> _WORK INSTRUCTIONS_: Beneath this line sits some data. Return only its lines from the one holding "燈籠囊擬射脈菌藏品圖，第1張" through the one holding "Pedigree Complete Nutrition", inclusive, exactly, with the images removed.

> _ENTRIES SUPPLIED_:
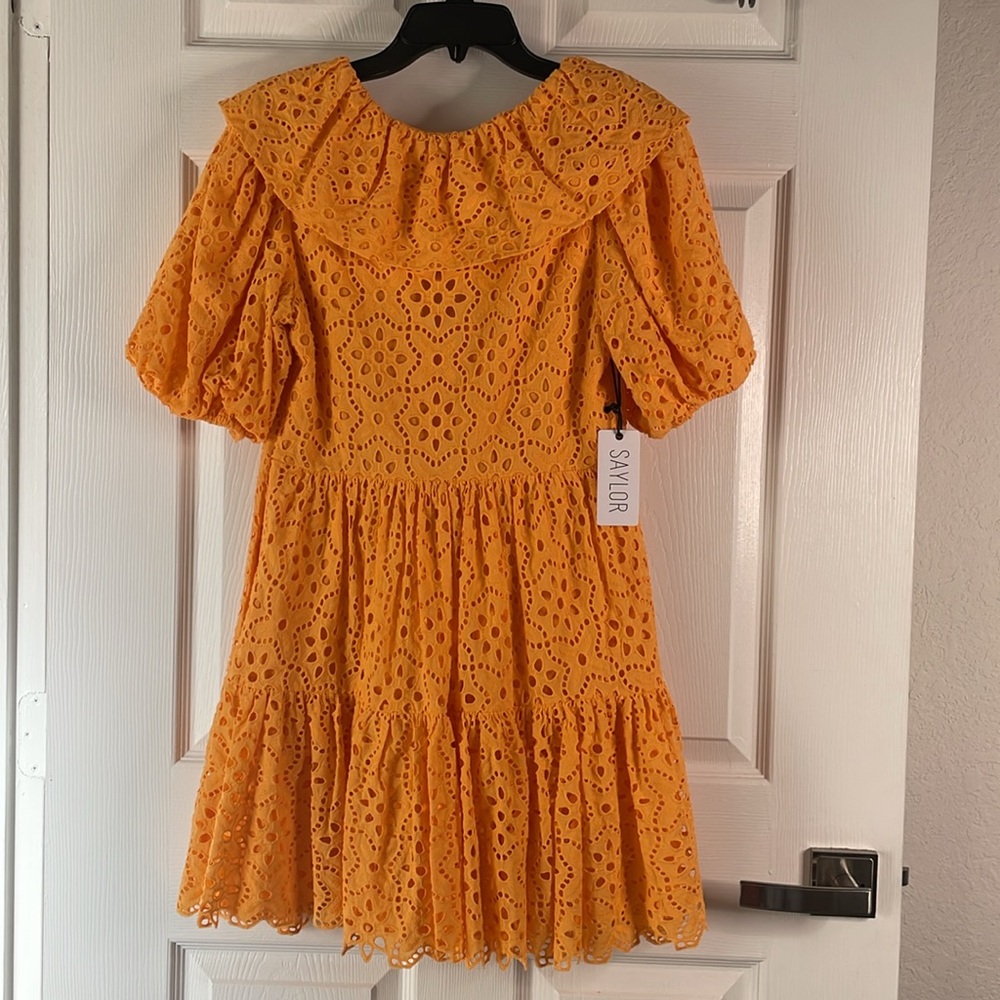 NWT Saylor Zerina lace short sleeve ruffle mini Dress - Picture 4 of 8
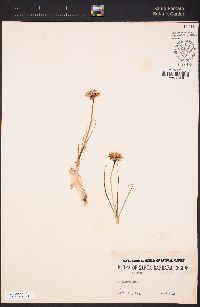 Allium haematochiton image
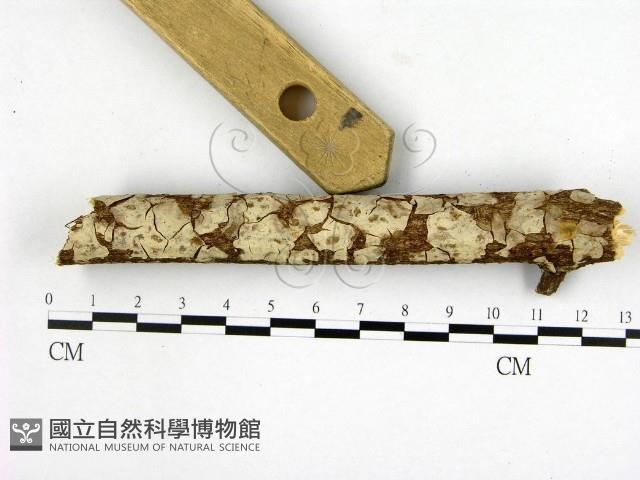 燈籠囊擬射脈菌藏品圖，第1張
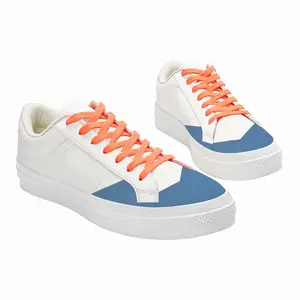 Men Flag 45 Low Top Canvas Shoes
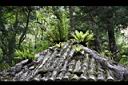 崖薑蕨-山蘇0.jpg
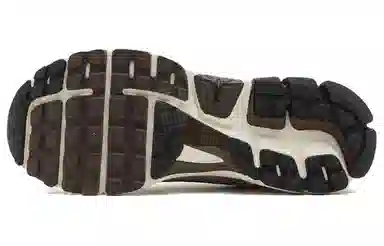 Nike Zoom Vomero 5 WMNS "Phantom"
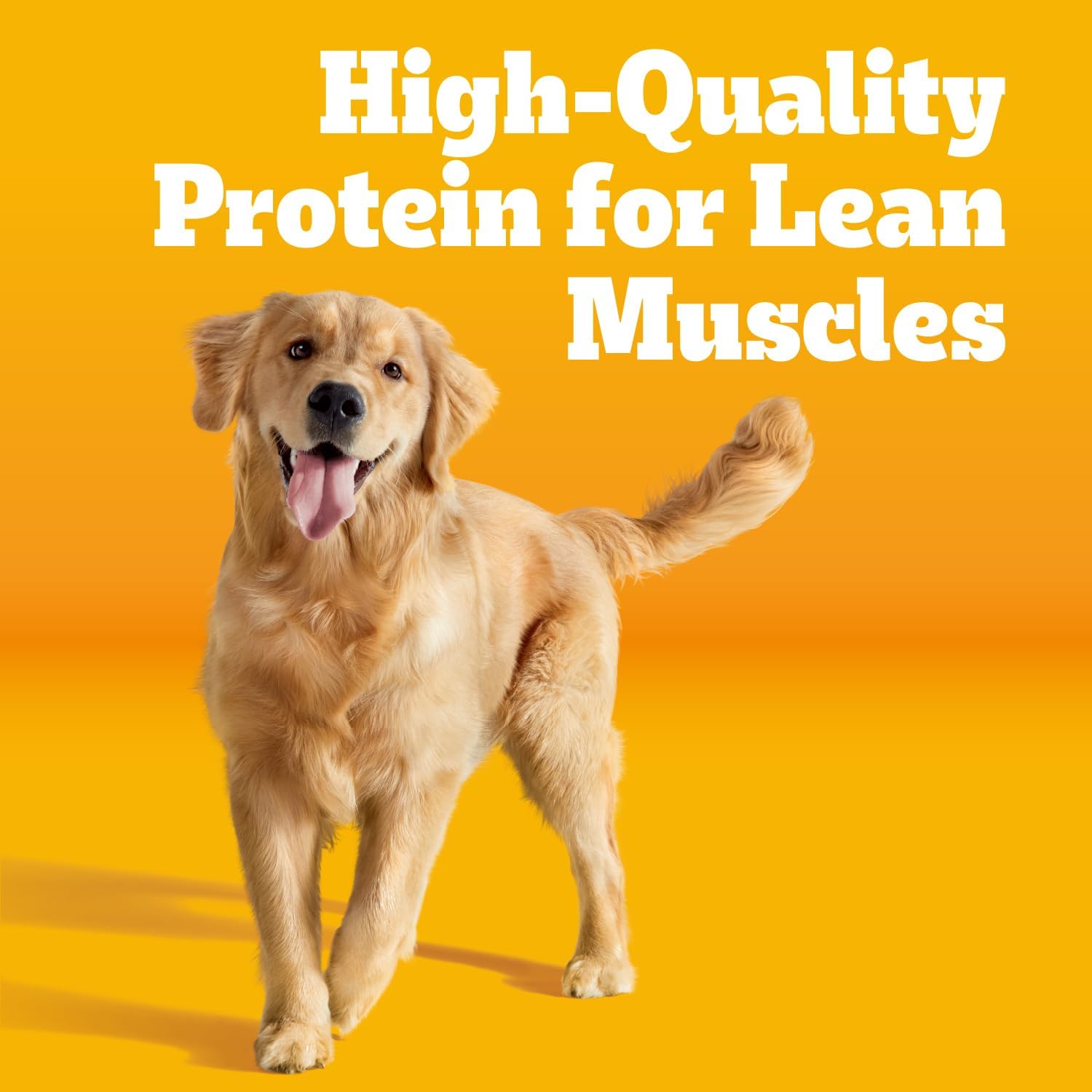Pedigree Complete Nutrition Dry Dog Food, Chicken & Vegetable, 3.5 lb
...
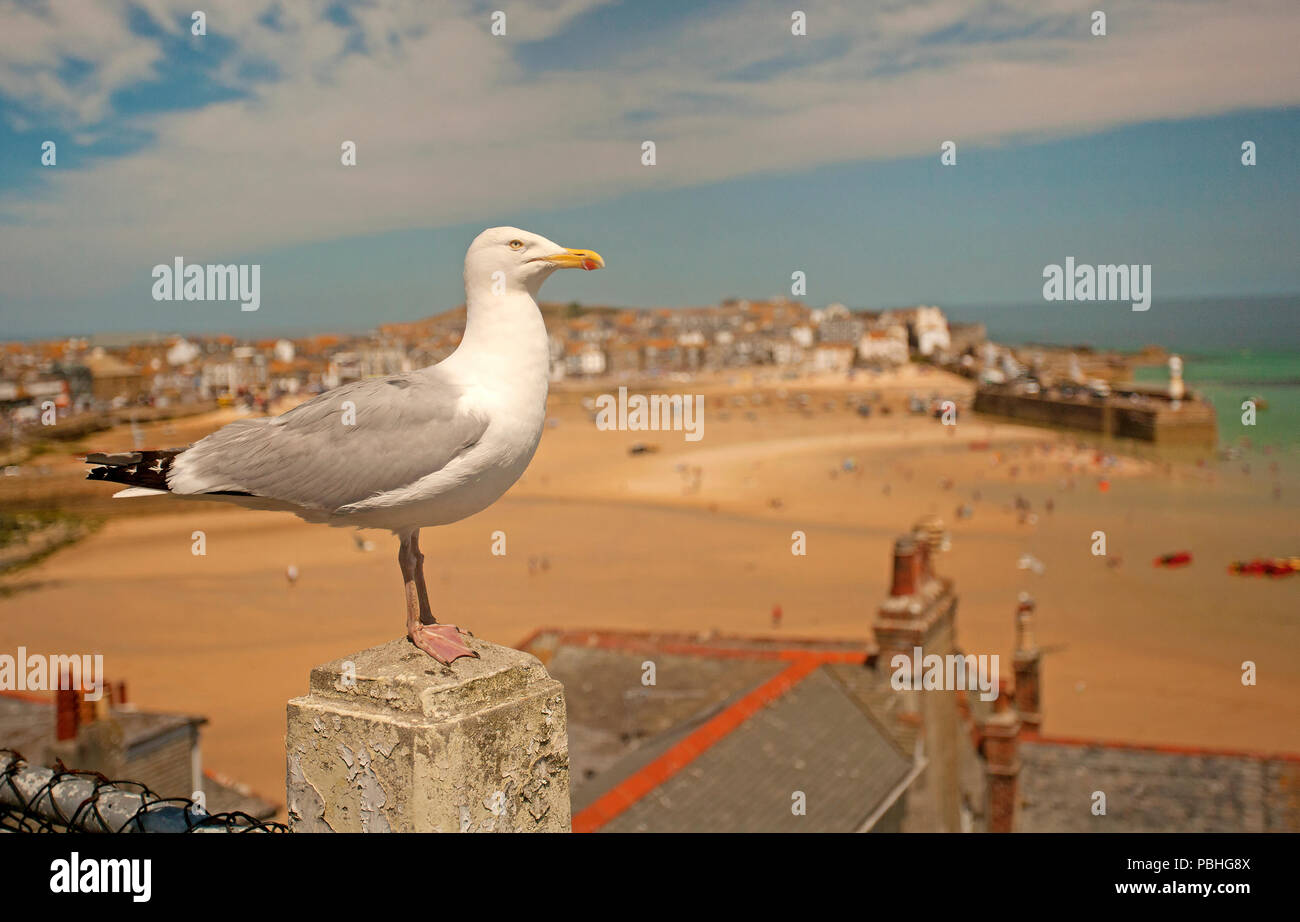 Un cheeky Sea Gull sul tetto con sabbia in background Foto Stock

> _REPLY_:
 燈籠囊擬射脈菌藏品圖，第1張
 Men Flag 45 Low Top Canvas Shoes
 崖薑蕨-山蘇0.jpg
 Nike Zoom Vomero 5 WMNS "Phantom"
Pedigree Complete Nutrition Dry Dog Food, Chicken & Vegetable, 3.5 lb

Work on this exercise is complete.